Thursday, December 15, 2005

ISLAMIC ECONOMIC PHILOSOPHY CLASHES WITH CAPTIALISM IN THE WEST

Appendix I: Islam and Economic Man
If a single all-embracing reason is to be sought for the dread of a resurgent Islam now prevailing in the highest centers of worldly power, it may be found in the Islamic moral delineation of Economic Man, a system of ideas which challenges the entire foundation of great power in the West.
Monetary reform campaigners in the West, especially in the United States, might be astonished by the quantity and quality of thinking which Muslim scholars have put into the subject of banking and of economics generally, all of it constellated by the Prophet Muhammad's simple utterances. Here are some of the key elements of the Islamic economic philosophy: *

Individual rights: These are a consequence of the fulfillment of duties and obligations, not antecedent to them. In other words, first comes:the duty, then the right.

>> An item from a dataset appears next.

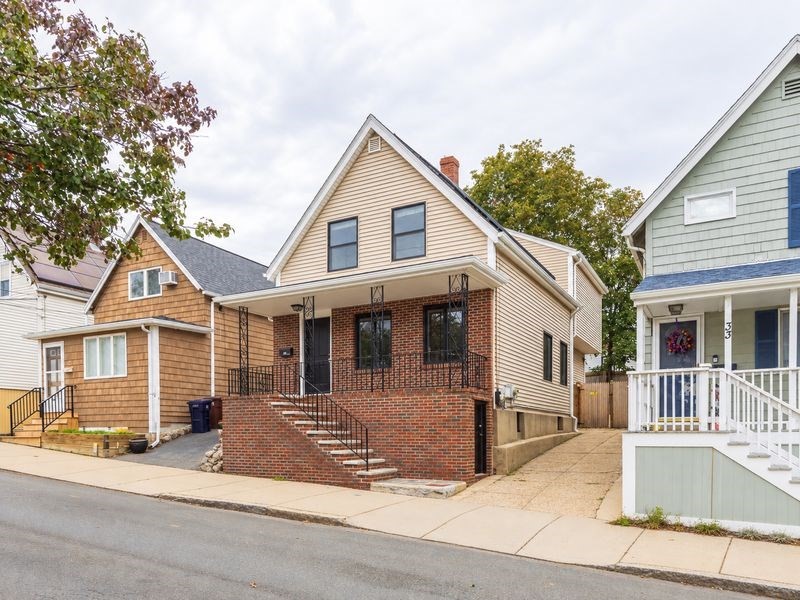35 Villa Ave in Everett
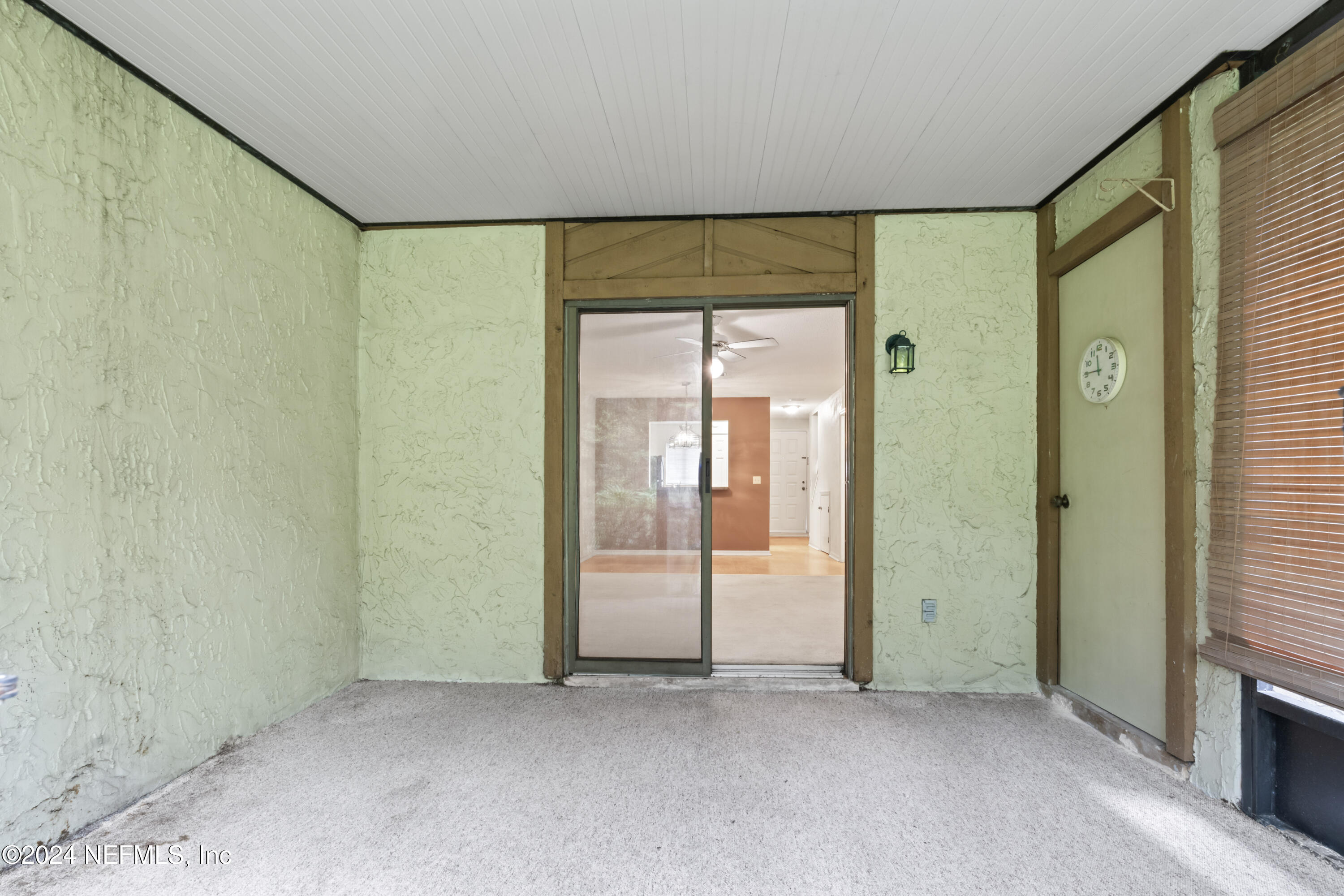 85 DEBARRY Avenue, 1064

Property: Ownership is never absolute, conferring on us the right to do with our property wholly as we please. As the Sharia puts it, all property belongs to God: we are only its temporary incumbents and trustees; there are duties and responsibilites inseparably attached to the ownership of property.

Work and wealth: Islam exalts work as an inseparable dimension of faith itself and reprehends idleness. We do not need work only in order to earn a livelihood; we need work to preserve our psychic health; we need to exercise creative skills and to spend energy in work.

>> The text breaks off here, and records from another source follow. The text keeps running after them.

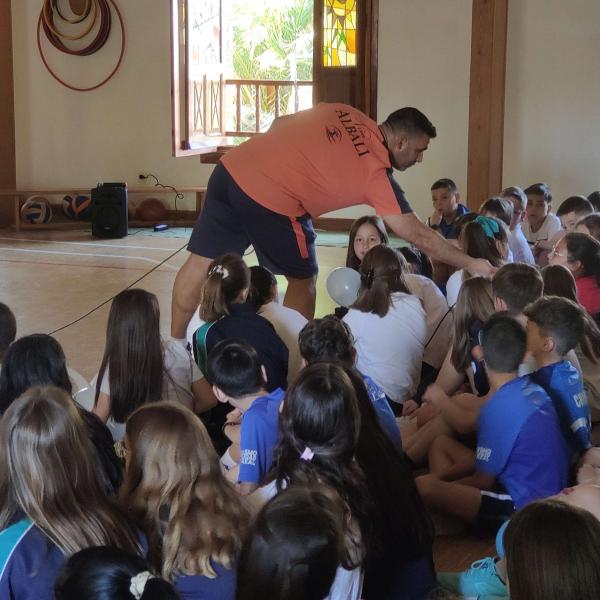 NOTICIA| EL VIA ALBALI VALDEPEAS FINALIZ LAS VISITAS A LOS CENTROS EDUCATIVOS CON EL COLEGIO SAN AGUSTN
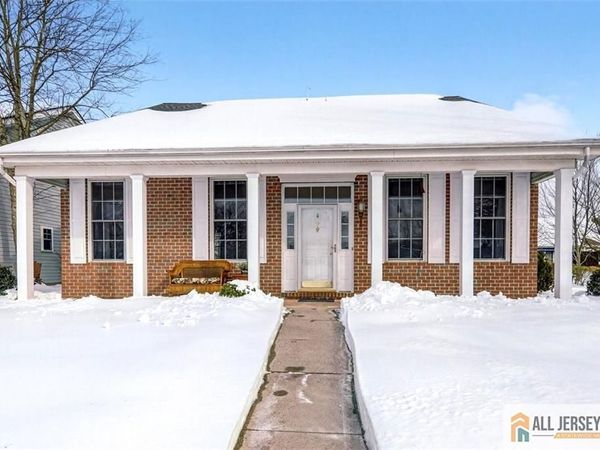 9 Liedtke Drive, Cranbury, NJ 08512
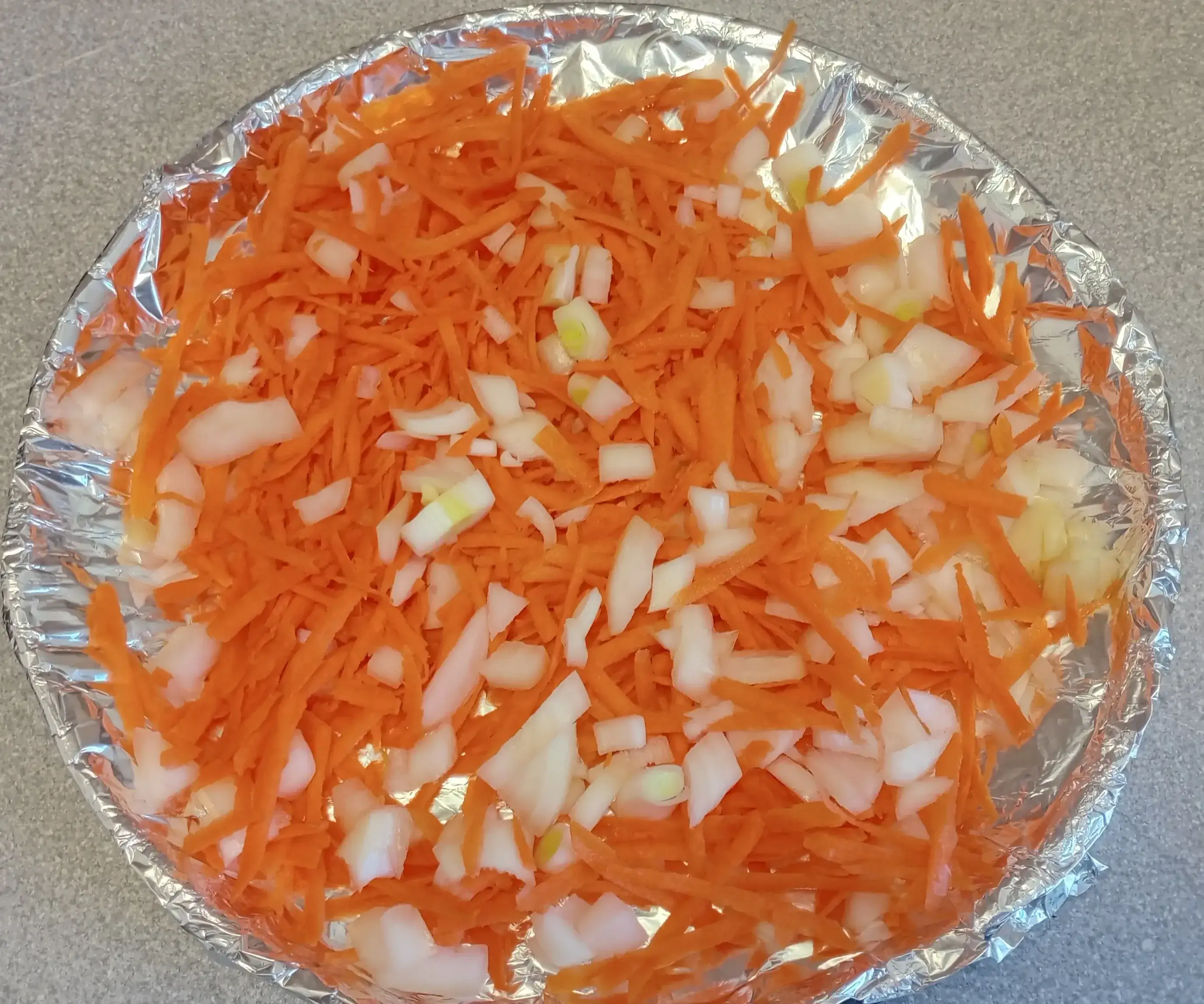 Треска запечённая с морковью и луком: шаг 1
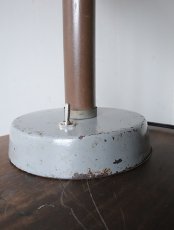 画像20: No.104　乳白ガラスのグローブ付きスタンドライト (20)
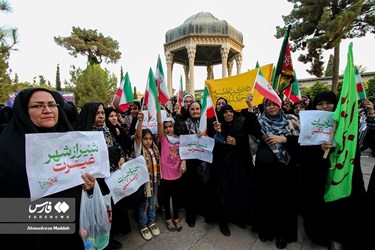 اجتماع بزرگ مردمی مدافعان حریم خانواده در شیراز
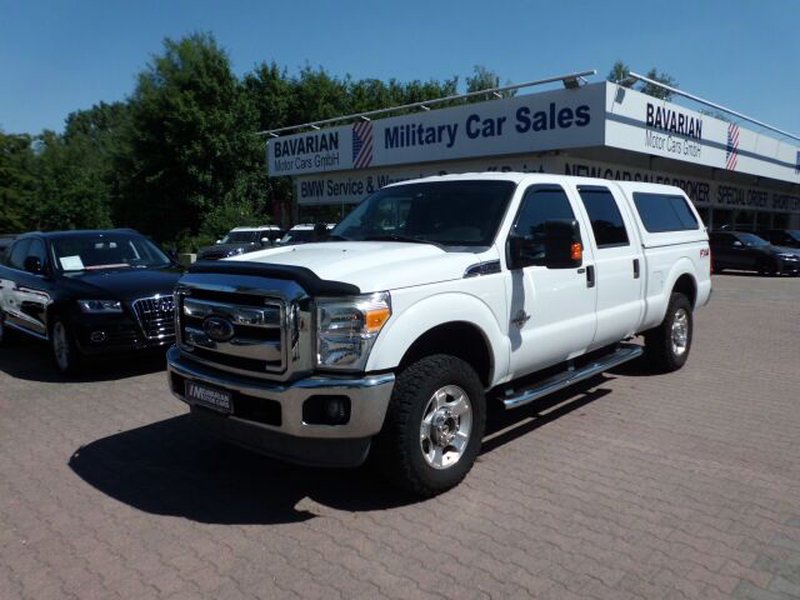 Ford TRUCK F250 Super DutyV8 Crew Cab XLT 4WD Tax Free Military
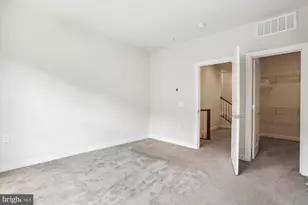 13340 Sherwood Park Ln, Herndon, VA 20171 - Photo 13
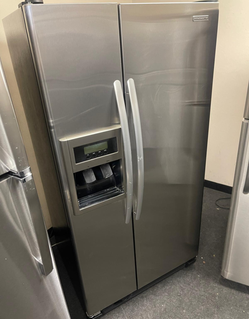 KitchenAid Side‑by‑Side Fridge – Stainless, Ice/Water Dispenser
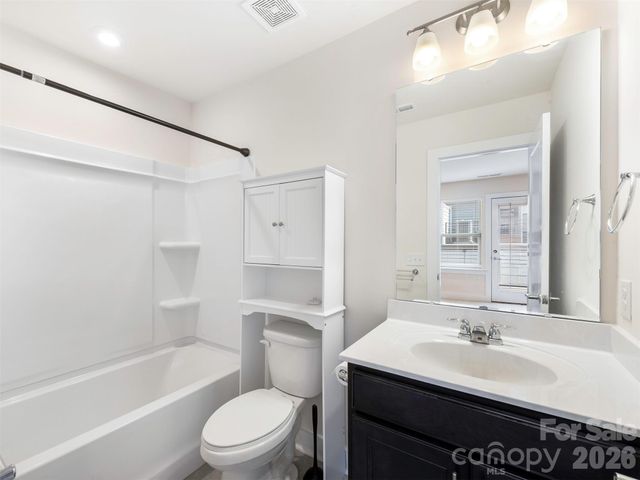 16023 Roscoe Lane L52, Charlotte, NC 28204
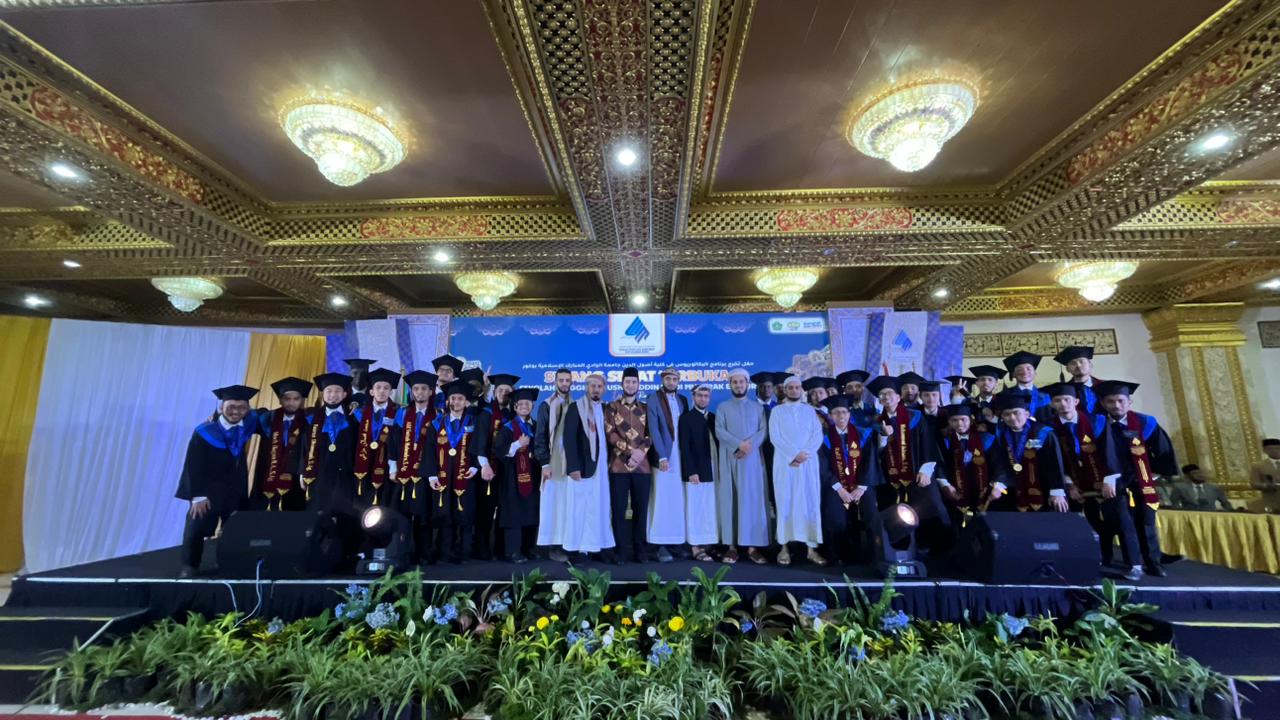 Islamic Center Wadi Mubarak Gelar Wisuda Akbar ke-V, 181 Mahasiswa dan Mahasantri Diwisuda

Usury: The Koran forcefully prohibits the payment and receipt of interest, or riba as it is called. Interest on a loan is regarded as a creation of instantaneous property rights outside the legtimate framework of existing property rights.
The evil inherent in usury, however, is more recondite and elusive than that. The lending of money at interest can in many instances be advantageous to borrower as well as lender; fortunes have been made with borrowed money. It is only in the contest of a total way of life of a community that the evil nature of usury becomes more clearly visible to the moral imagination.
The principle of usury, once accepted, gives rise to the regular practice of it, requiring or making possible the emergence of a class of moneylender; human nature being as it is, and taking into account the circumstances in which money most often needs to be borrowed, the practice of usury is seen as conferring a compounding advantage on the moneylender class.
*See "The Islamic Banking system in Iran and Pakistan" Mohsin S. Khan and Abbas Mirahker, Journal of Social, Political and Economic Studies, 1986.